Aku tersenyum, “Lho, kucing ini tadi ada di dapu—” Aku menghentikan kalimatku
sambil memandang heran Soraya. Bukankah harusnya ia tahu soal kucing ini? Kenapa
Soraya terlihat tak tahu apa-apa?

“Kamu lama banget di dapur, Mbak. Dari tadi lagu yang diputer keren-keren lho,”
ungkapnya senang. Matanya menoleh lagi pada layar televisi. “Memangnya ngapain aja
di dapur, Mbak? Ada kesulitan ya? Tahu gitu aku ikut ke dapur ya tadi….”

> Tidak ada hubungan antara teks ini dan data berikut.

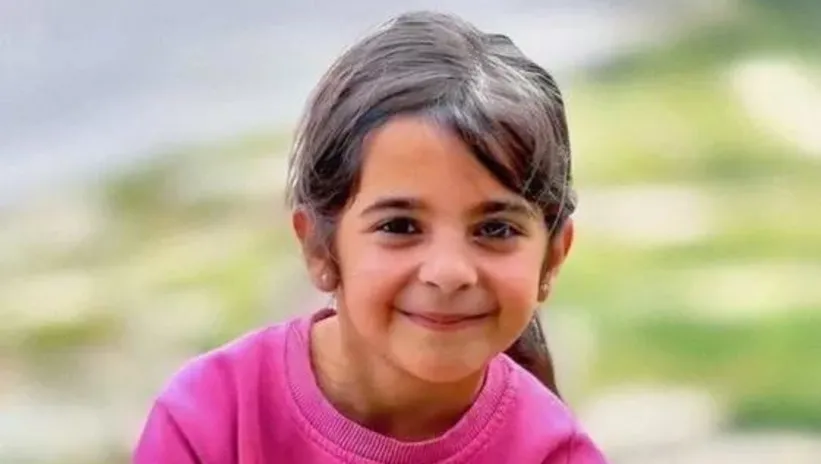 Narin Güran davasında yasal süre bitti! Tahliye mi olacaklar?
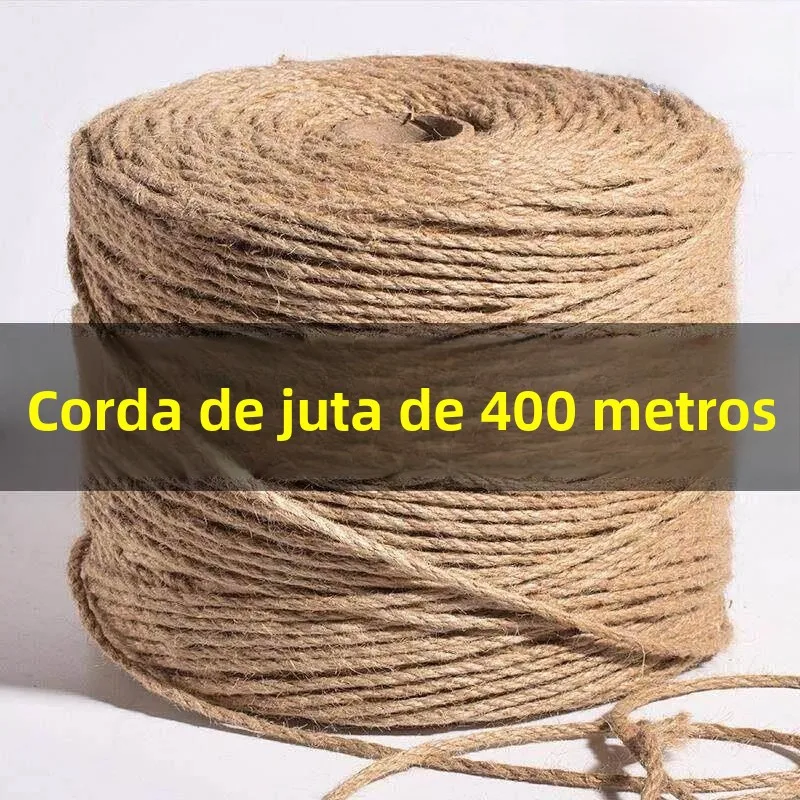 handmade-diy-coarse-hemp-rope-for-climbing-frame-decorations-high-temperature-resistant-binding-fine-rope-material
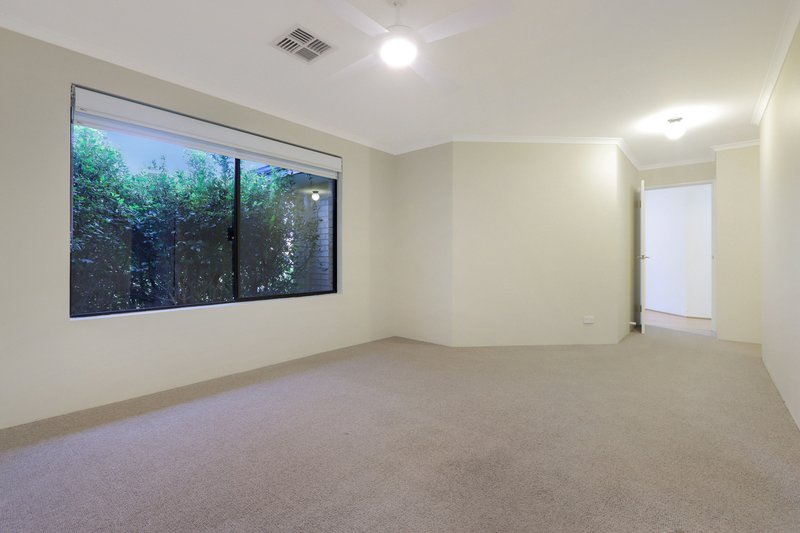 Photo - 89 Kendall Boulevard, Baldivis WA 6171 - Image 11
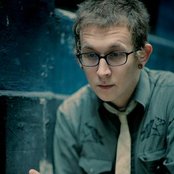 Micah P. Hinson - List pictures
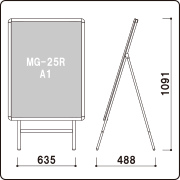 ad-85_zumen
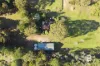 20 Gong Gong Road, Brown Hill, Vic 3350-Image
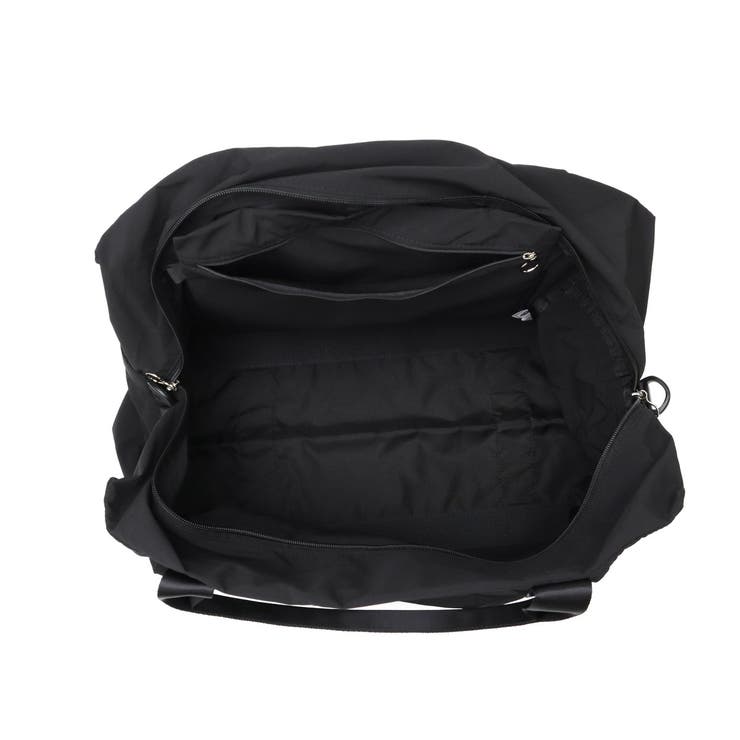 正規品5年保証 プロテカ ボストンバッグ | ギャレリア Bag＆Luggage | 詳細画像20 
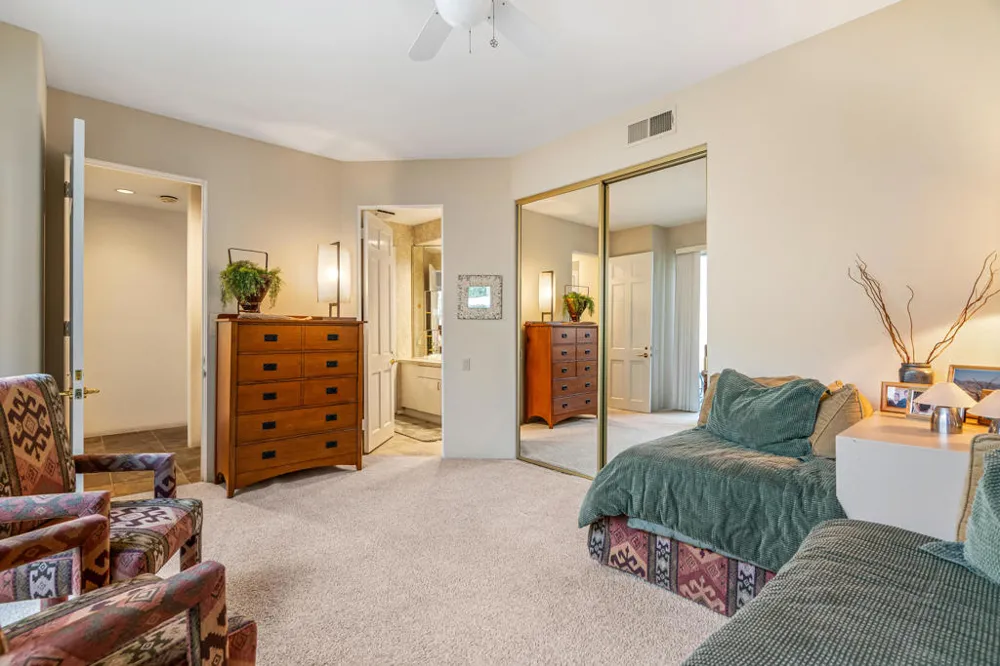 75295 St Andrews Court Indian Wells, CA 92210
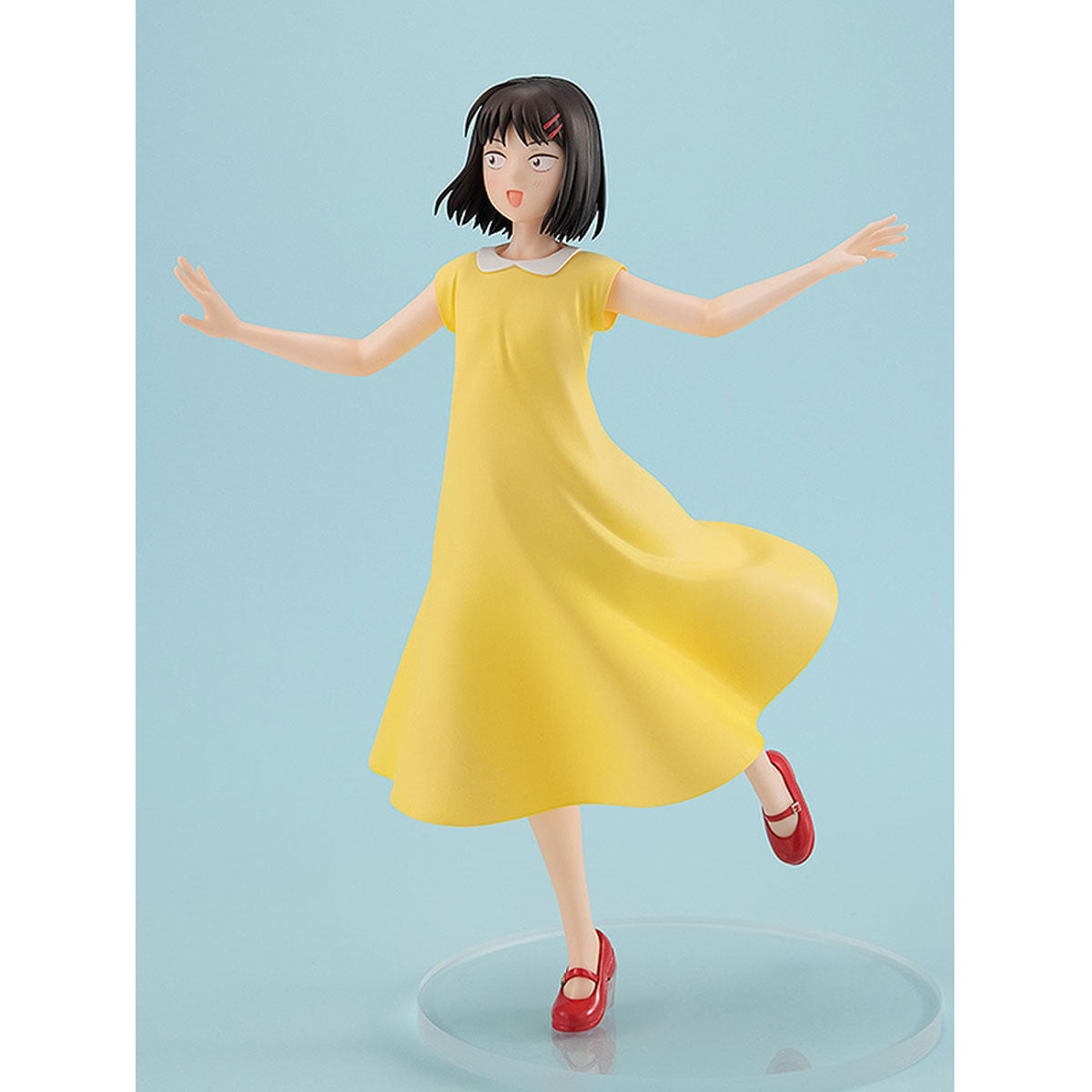 ホリアクep3 サイン入りチェキ 皆藤空良 アクスタ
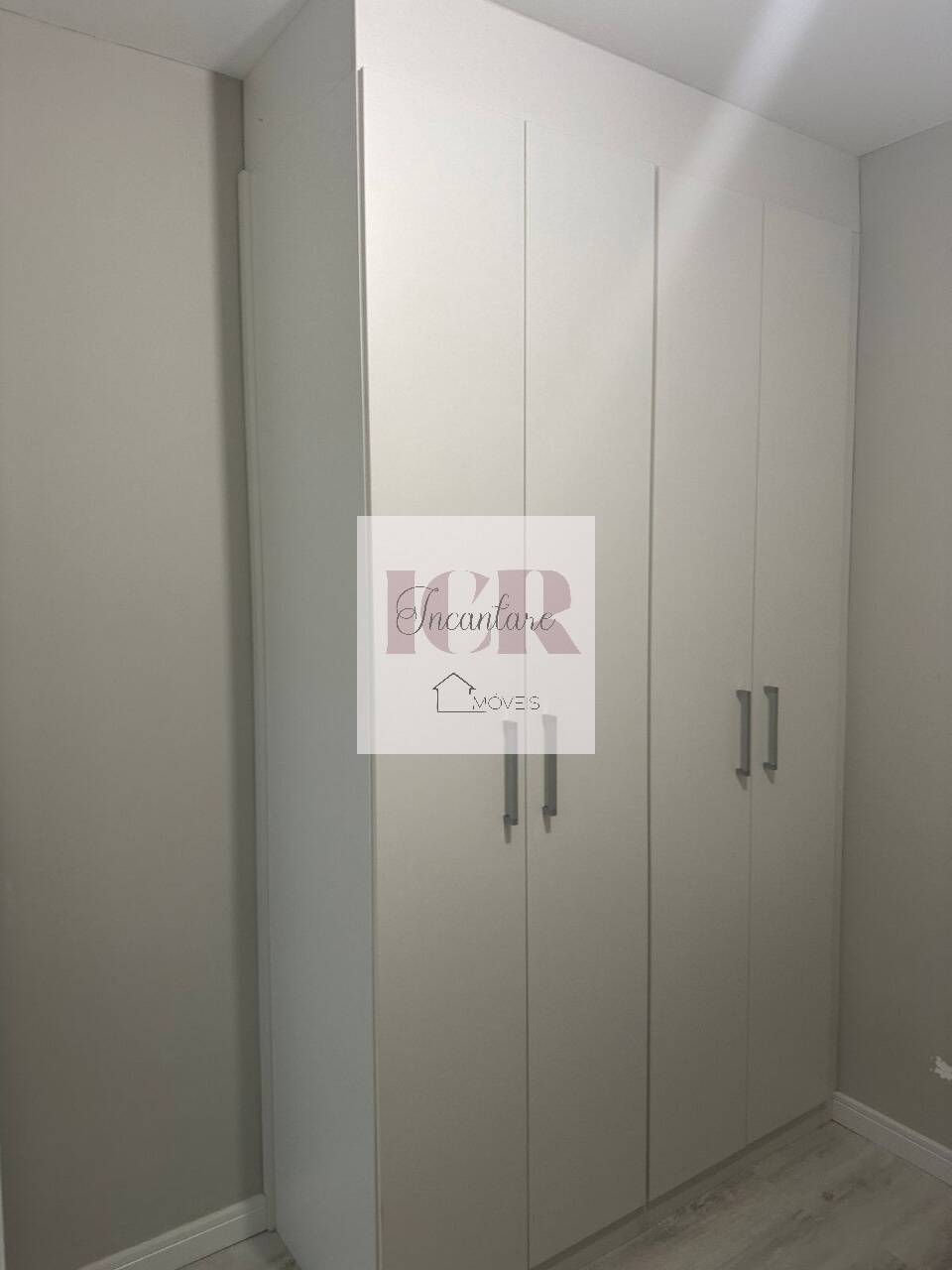 Apartamento à venda com 2 quartos, 50m² - Foto 21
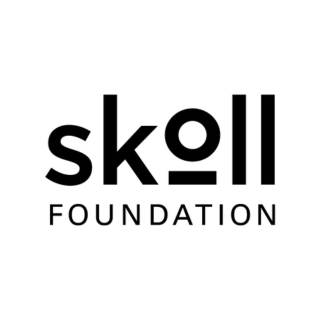 Funders Skoll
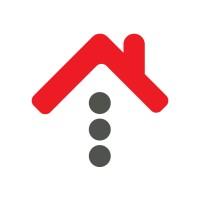 Domotica Labs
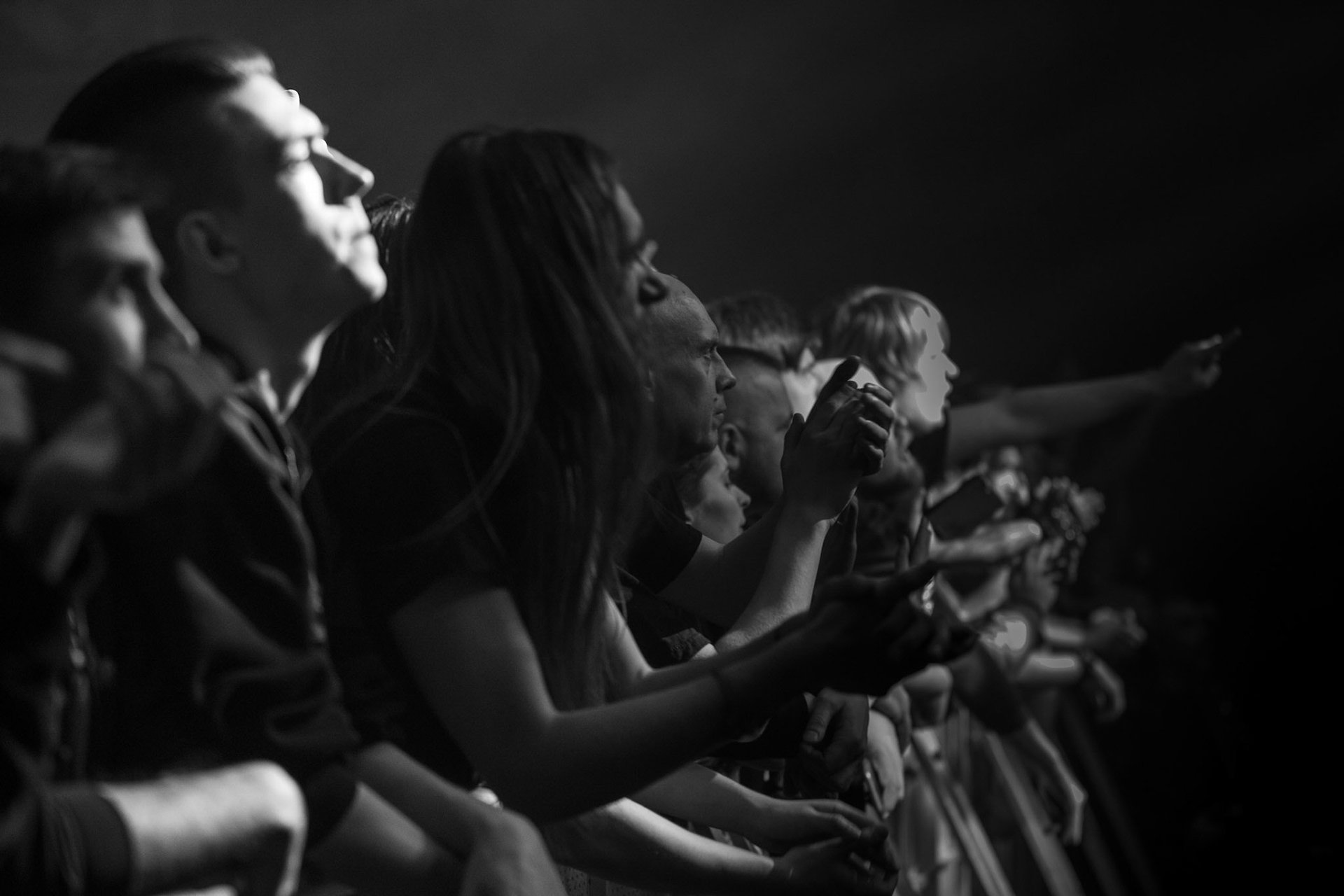 01.03.2019 KAT & Roman Kostrzewski Polska, metal, trashmetal, - koncert w warszawskiej Progresji promujący nowy album studyjny grupy „Popiór”
jeden z pierwszych koncertów w nowym składzie,
 Roman Kostrzewski – wokal
Jacek Nowak – perkusja
Krzysztof Pistelok – gitara
Jacek Hiro – gitara
Michał Laksa – bas
fot. Andrzej Wasilkiewicz/Reporter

Kutatap Soraya tersenyum sambil menyimak presenter cara musik yang mulai
menyerocos.

Tanpa kusadari detak jantungku berdentum lebih kencang.

Darahku berdesir.

Kutatap telapak tanganku yang mulai dihinggapi bulu-bulu rontok kucing yang tengah
kugendong. Tadi itu…. Tanpa sadar tanganku bergetar.

hal. 10 dari 21
SEMBILAN by D RATIH

Gemetar hebat.

Kupejamkan mataku erat-erat.

“Meaw…”

Kubuka mataku untuk mendapati kucing di pelukanku menatapku intens. Aku mencoba
tersenyum sebisaku dan menggeleng cepat. Aku tak mau memikirkan siapa sosok yang
mirip Soraya di dapur tadi.

Hantukah?

Pada pukul sembilan pagi begini?

Sekali lagi aku menggeleng. Perlahan aku duduk tepat di samping Soraya. Kududukkan
kucing itu di pangkuanku seraya kugaruk lehernya—membuat si kucing menggeliat
senang dan semakin menenggelamkan tubuhnya dalam belaian tanganku.

“Aya…”

Gadis itu menoleh. Untunglah program musik sialan itu tengah commercial break.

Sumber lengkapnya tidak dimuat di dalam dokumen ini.